Step 302: Obtaining the inference input signal vector 12 from the training dataset and obtaining the teacher signal vector 21.
Step 304: Transmitting the inference input signal vector 12 to the inference input nodes 102 and transmitting the teacher signal vector 21 to the teacher input nodes 201.
Step 306: Receiving the output signal vector 14 from the output nodes 104.
Step 308: Calculating the teacher signal vector 21 according to the output signal vector 14.
Step 310: End.
As mentioned above, in the training process 30, the computing model-X 20 may infer the relationship between the inference input signal vector 12 and the output signal vector 14 according to the associative learning rule. Moreover, In Step 308, the teacher signal vector 21 may be generated by the parameters of the inference input signal vector 12, the golden output signal vector 13, the output signal vector 14, the conditions of the surrounding where the computing model-X 20 located, or a combination thereof. Those skilled in the art may make modifications and alterations accordingly, and not limited herein. For example, when the computing model-X 20 is working in the 25 degrees Celsius environment, the teacher signal vector 21 is the same as the difference between the golden output signal vector 13 and the output signal vector 14. And, when the computing model-X 20 is at 75 degrees Celsius, the teacher signal vector 21 may be set to 1.5 times the difference to enforce the teaching strength because of signal noise ratio. In other words, Step 308 determines the teacher signal vector 21 according to the golden signal vector 13, which are determined according to the inference input signal vector 12, and the output signal vector 14.

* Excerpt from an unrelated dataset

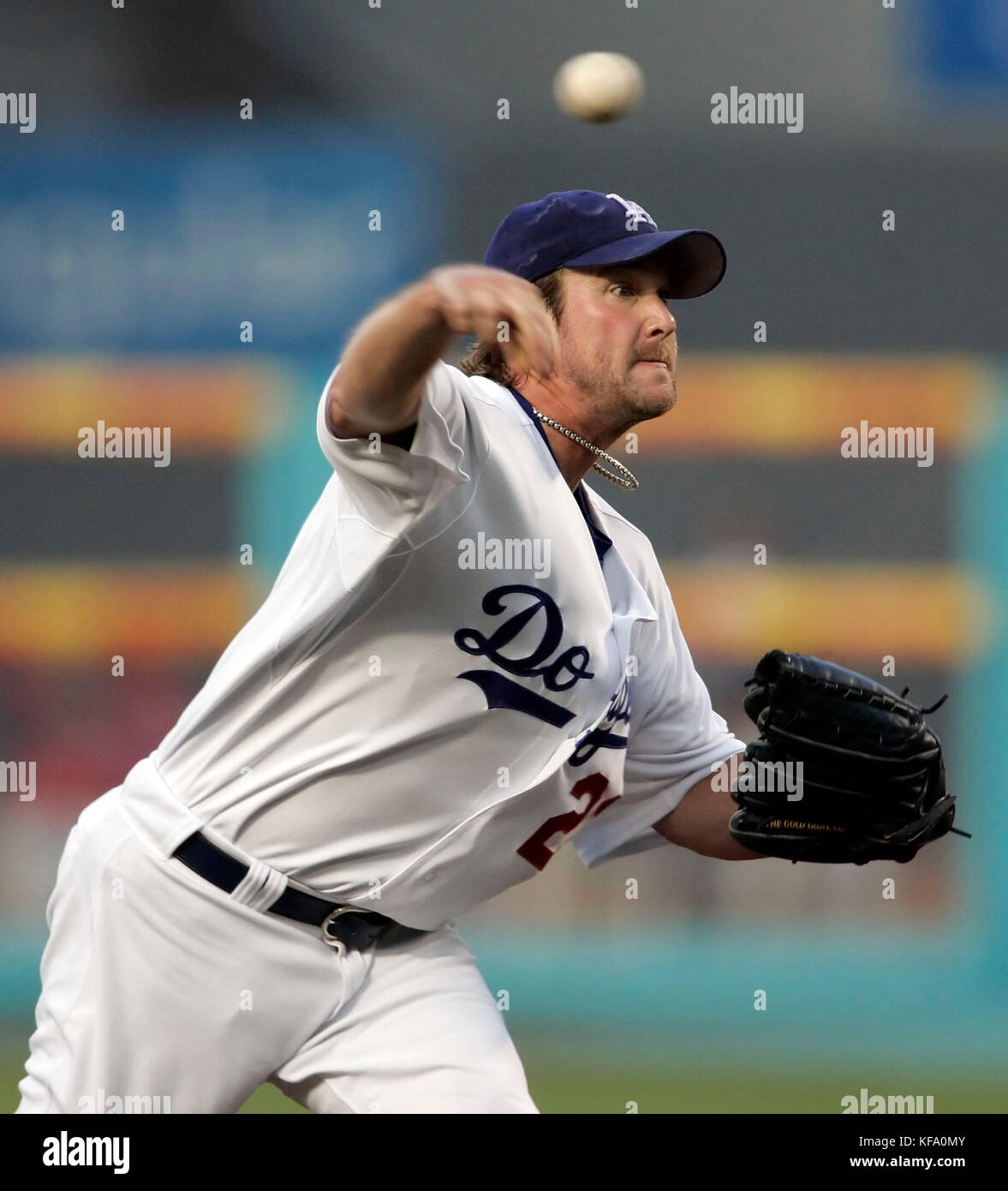 Los Angeles Dodgers' Derek Lowe pitches against the Philadelphia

The detailed operations of the training process 30 may be referred to the foregoing description, which are not narrated herein for brevity.

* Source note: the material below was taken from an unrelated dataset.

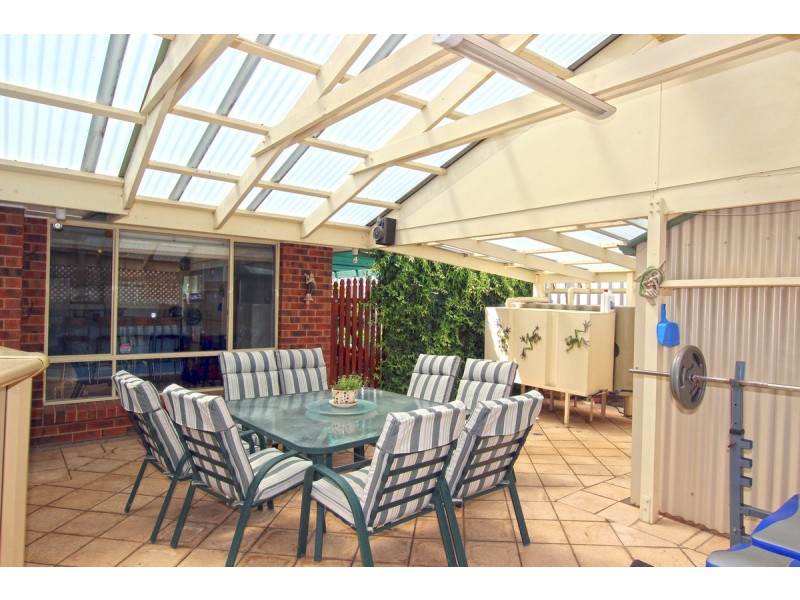 8 Omega Drive, Seaford Rise SA 5169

Notably, the training process 30 may be executed more than one time. For example, if the number of the training data sets in the training dataset is 100, then the training process 30 will undergo 100 times. As can be seen, the parameters of the computing model-X 20 may vary after the training procedure; that is, the output of the computing model-X 20 may vary even if the sets of the inference input signal vectors and the golden output signal vector is the same. Therefore, there may be some iteration over all inference input signal vectors from the dataset. In an embodiment, the number of the iteration is set to be 3; thus, each inference input signal vector 12 from the training dataset will be transmitted to the inference input nodes 102 for three times, and the golden output signal vector 13 is fixed at the predetermined value while the accompanying teacher signal vector 21 may vary in each time.
In an embodiment, after the inference input signal vector 12 is transmitted, the inference input signal vector 12 is kept at the inference input nodes to obtain the fittest teacher signal vector 21 (that is, another inference input signal vector with the same value is inputted to the computing model-X 20.) More specifically, an embodiment of the present invention transmits a first teacher signal to the teacher input nodes 201, receives a first output signal from the output nodes 104, and calculates the first teacher signal according to the first output signal. Moreover, the embodiment may transmit a second teacher signal to the teacher input nodes 201, receives a second output signal from the output nodes 104, and calculates the second teacher signal according to the second output signal.
For example, for learning in different stages (such as coarse adjustment and refine adjustment of a robot's controlling), if the inference input signal vector 12 is kept to [1,0,0], and the first teacher signal is [0,0,0,0] in the first epoch, wherein the first entry “0” means that the first teacher signal is instruction-free. However, when the output is too far from the golden output signal vector 13, an embodiment of the present invention may set the first teacher signal to be [1,1,0,0] and set the second teacher signal to be [1,1,1,0] in the second epoch. Besides, the embodiment of the present invention may store and compare the training results and combine the training results to calculate the fitness teacher signal. For example, in the above example, with these two strokes of information, an embodiment of the present invention may automatically calibrate itself. Another embodiment of the present invention may also measure the sensitivity of the teacher signal vector 21; for example, the embodiment may obtain the gradients of the output signal vector 14 caused by the teacher signal vector 21. In addition, the other embodiments may second-orderly fine-tune the computing model-X 20 in a fast response. In other words, the computing model-X 20 may be trained with accuracy and stability.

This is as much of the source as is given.